Lepistoe z Małyszem aż do Igrzysk?


Dziś w siedzibie Polskiego Związku Narciarskiego w Krakowie odbyła się konferencja prasowa, w której udział wzięli Hannu Lepistoe, Łukasz Kruczek oraz Apoloniusz Tajner.

Wbrew wcześniejszym zapowiedziom PZN nie podpisał jeszcze umowy z trenerem Hannu Lepistoe. Jak zapewnia Apoloniusz Tajner, jest to kwestia tylko kilku dni zwłoki, ze względów formalnych.

"Hannu Lepistoe - na prośbę Adama Małysza - zajmuje się jego szkoleniem. Natomiast Łukasz Kruczek zajmuje się całą pozostała grupą kadrowiczów - oznajmił prezes Tajner.

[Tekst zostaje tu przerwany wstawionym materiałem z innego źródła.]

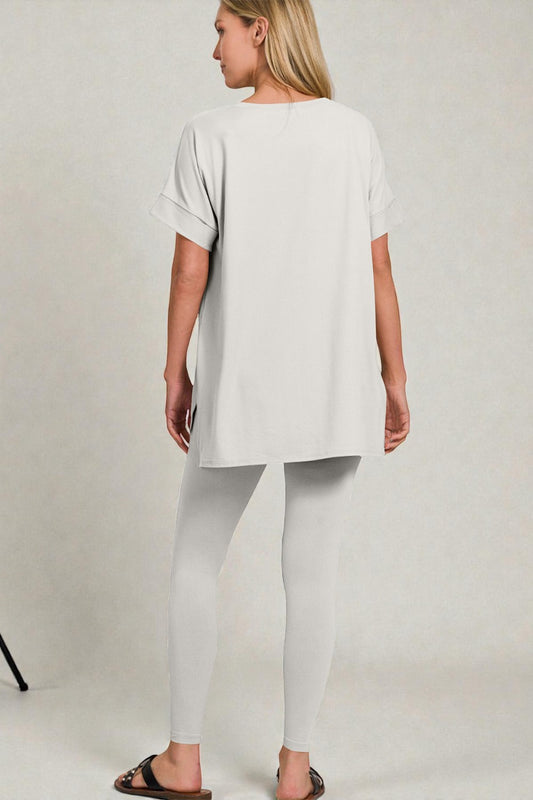 Woman wearing a white outfit on a plain background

"O zarobkach jeszcze nie rozmawialiśmy, ale z finansami nie będzie problemu. Dogadamy się też co do długości trwania umowy. Niewykluczone, że będzie ona obowiązywała do igrzysk olimpijskich" - zapowiada prezes PZN.

"Długo zastanawiałem się, czy wrócić do Adama. Po raz pierwszy skontaktował się ze mną 2 stycznia, ale wtedy nie udzieliłem odpowiedzi. Wahałem się także po kilku dniach treningu w Lahti. Dopiero jak sprawdziłem wyniki testów i zobaczyłem w jakiej Adam jest kondycji, to podjąłem wyzwanie" - przyznaje Hannu Lepistoe.

"Czy Adam zdobędzie medal na mistrzostwach świata? Wszystko jest możliwe, przecież to szczególny talent" - uważa Fin.

Adam Małysz już w czwartek rozpocznie treningi w Wiśle-Malince pod wodzą Lepistoe.